Dense 3-D Reconstruction from Multiple Views Using RAFT Optical Flow

Since R2026a

This example uses:

This example demonstrates multi-view dense 3-D reconstruction [1] by combining structure-from-motion (SfM) results with dense pixel-wise correspondences from RAFT optical flow [2].

The example follows these steps:

Select optimal view pairs for dense depth estimation by traversing the view graph obtained from SfM.
Compute optical flow on the selected view pairs.
Enforce geometric consistency checks on optical flow estimates.
Estimate dense depth by triangulation using relative camera pose and optical flow between view pairs.
Reject regions of uncertain depth estimation.
Fuse all individual depth estimates and corresponding RGB values into a single colored point cloud.

This process results in a fast and accurate pipeline for dense reconstruction, leveraging the compute capabilities of a GPU when available. Techniques such as Neural Radiance Field (NeRF) provide denser point clouds, often at better quality, at the cost of significantly longer processing times and hardware requirements such as a GPU with at least 16 GB memory. For more information on using NeRF for 3-D reconstruction, see Reconstruct 3-D Scenes and Synthesize Novel Views Using Neural Radiance Field Model.

Download and Unzip Training Data

This example uses a subset of the TUM RGB-D Benchmark [3] containing 104 images of an indoor office scene captured with a handheld camera.
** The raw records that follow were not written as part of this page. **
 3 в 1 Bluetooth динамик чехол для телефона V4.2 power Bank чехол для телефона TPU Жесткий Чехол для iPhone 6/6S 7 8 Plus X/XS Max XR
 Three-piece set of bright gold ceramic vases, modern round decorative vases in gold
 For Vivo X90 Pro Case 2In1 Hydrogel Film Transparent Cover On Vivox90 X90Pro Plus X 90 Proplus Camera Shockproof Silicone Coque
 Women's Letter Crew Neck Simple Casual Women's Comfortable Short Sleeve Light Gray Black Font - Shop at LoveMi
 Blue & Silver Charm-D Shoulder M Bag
You can download the data to a temporary directory using a web browser or by running this code:

if ~exist("tum_rgbd_data.zip", "file")
    websave("tum_rgbd_data.zip", "https://ssd.mathworks.com/supportfiles/3DReconstruction/tum_rgbd_data.zip");
    unzip(fullfile("tum_rgbd_data.zip"), pwd);
end

if ~exist(fullfile("sfmTrainingDataTUMRGBD", "finalReconstructionSfM.mat"), "file")
    websave(fullfile("sfmTrainingDataTUMRGBD", "finalReconstructionSfM.mat"),...
        "https://ssd.mathworks.com/supportfiles/supportfiles/3DReconstruction/finalReconstructionSfM.mat");
end

Load Data and Structure-from-Motion Results

This example builds on the view graph and sparse point clouds created in the Structure from Motion from Multiple Views example. Ensure that the images used in the SfM example are available on the path.
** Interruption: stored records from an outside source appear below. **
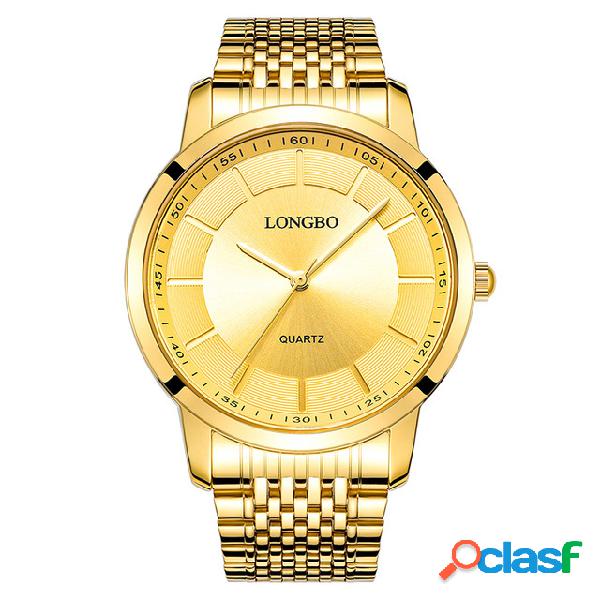 LONGBO Clássico Casual Quartz Relógios de Ouro de Luxo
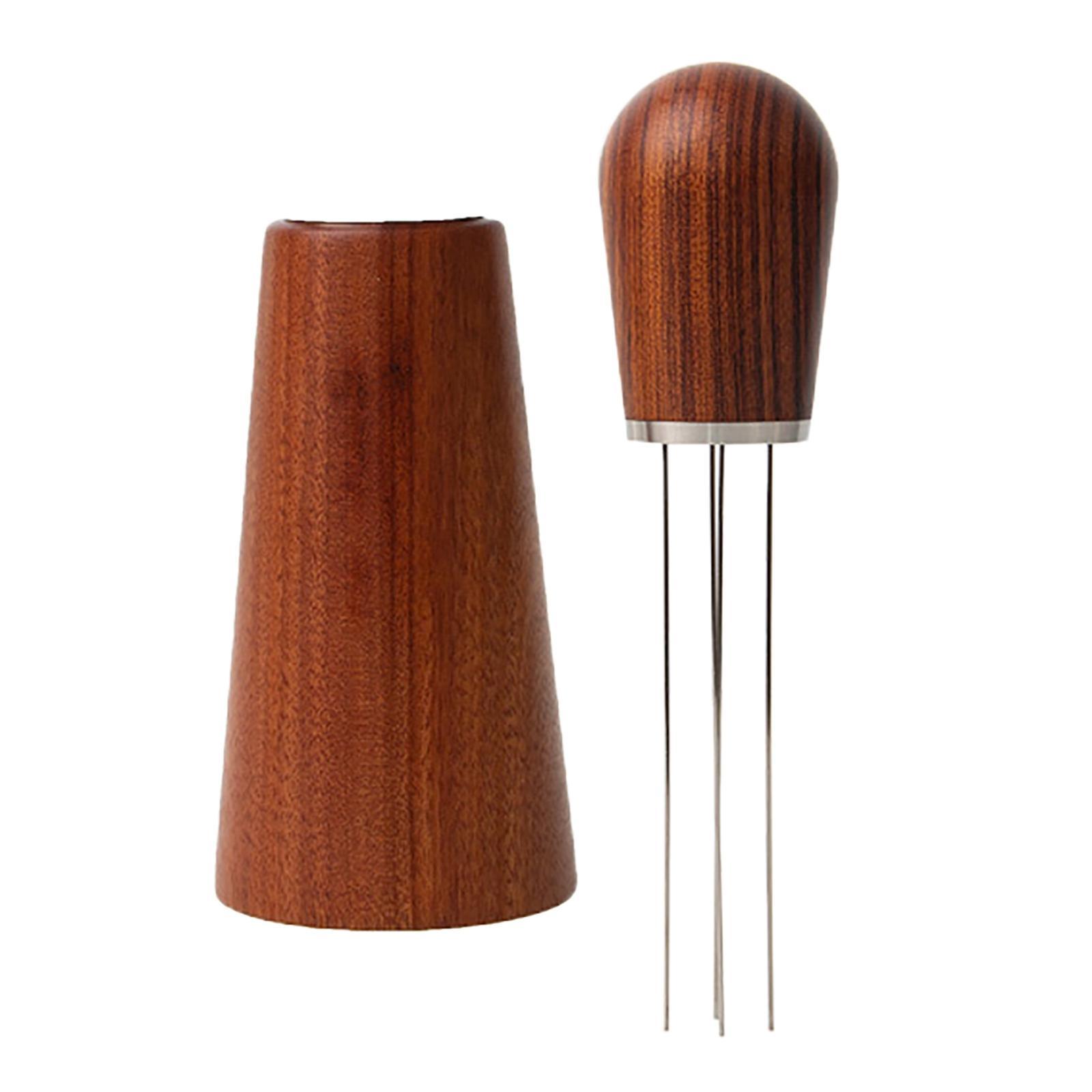Coffee Distributor Needle Natural Wood Handle for Coffee Powder Tool Kitchen
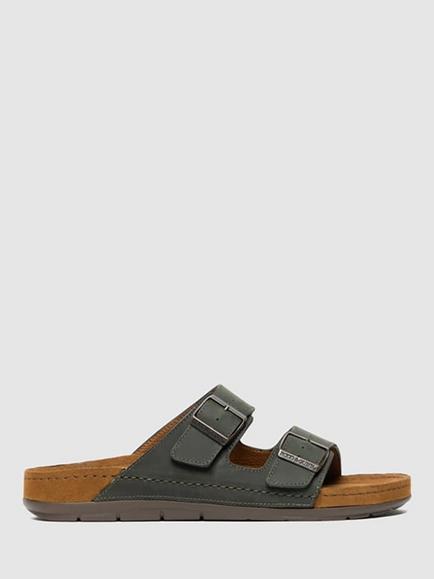 Rodd & Gunn Raglan Leather Slider Sandals, Olive, Olive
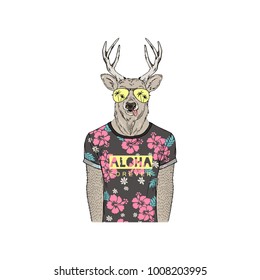 deer dressed up in summer tee shirt, anthropomorphic animal illustration
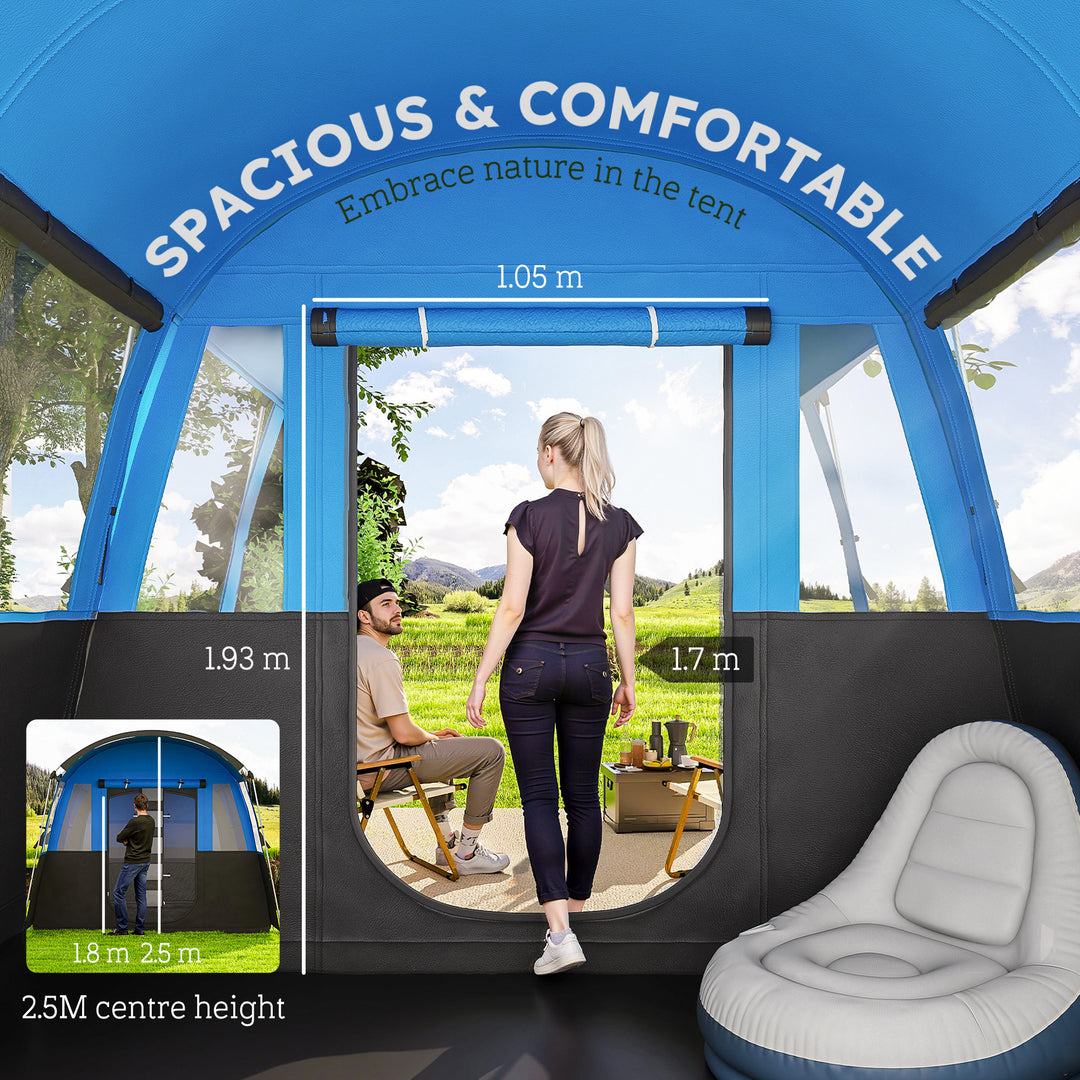 8-Person Camping Tent, Waterproof Family Tent, Tunnel Design, 4 Large Windows, Sleeping Cabins 3000mm Water Column Blue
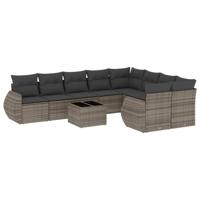 9-delige Loungeset met kussens poly rattan grijs - thumbnail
Load the camera intrinsics, image view graph, and reconstructed sparse world points from the saved SfM results.

load(fullfile("sfmTrainingDataTUMRGBD", "cameraInfo.mat"), "intrinsics");
load(fullfile("sfmTrainingDataTUMRGBD", "finalReconstructionSfM.mat"), "viewGraph", "wpSet");

Create an image datastore to load the images of the scene.

imds = imageDatastore(fullfile("sfmTrainingDataTUMRGBD","images"));
numImages = length(imds.Files);
numConn = viewGraph.NumConnections;
numViews = viewGraph.NumViews;

Create `opticalFlowRAFT` Object

Create an opticalFlowRAFT model for computing dense pixel correspondences between image pairs.

raft = opticalFlowRAFT;

Select View Pairs for Dense Depth Estimation Using the SfM View Graph

For each image in the image collection, select its neighboring view most suitable for dense reconstruction. Dense reconstruction depends on finding pixel-wise matches between two images and then triangulating to obtain 3-D points in world coordinates for each of the matched pixels. A numerically stable triangulation computation requires the two views to have sufficient viewpoint variation between the two camera positions, along with a minimum number of mutually visible image features.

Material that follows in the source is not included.